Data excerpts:
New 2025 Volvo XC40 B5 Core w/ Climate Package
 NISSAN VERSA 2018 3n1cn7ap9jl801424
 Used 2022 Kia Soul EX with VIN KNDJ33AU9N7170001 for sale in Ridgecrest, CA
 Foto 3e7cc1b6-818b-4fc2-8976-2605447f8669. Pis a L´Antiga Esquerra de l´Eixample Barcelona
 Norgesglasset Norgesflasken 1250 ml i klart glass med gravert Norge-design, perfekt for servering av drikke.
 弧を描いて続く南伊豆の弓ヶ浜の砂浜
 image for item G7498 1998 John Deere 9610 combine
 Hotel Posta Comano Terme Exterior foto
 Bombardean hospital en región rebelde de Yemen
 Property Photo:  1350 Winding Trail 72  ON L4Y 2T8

▶ **Exercise**: Beginning of the records through the line with "Norgesglasset Norgesflasken 1250": return that span exactly and stop there.

▶ **Task solution**:
New 2025 Volvo XC40 B5 Core w/ Climate Package
 NISSAN VERSA 2018 3n1cn7ap9jl801424
 Used 2022 Kia Soul EX with VIN KNDJ33AU9N7170001 for sale in Ridgecrest, CA
 Foto 3e7cc1b6-818b-4fc2-8976-2605447f8669. Pis a L´Antiga Esquerra de l´Eixample Barcelona
 Norgesglasset Norgesflasken 1250 ml i klart glass med gravert Norge-design, perfekt for servering av drikke.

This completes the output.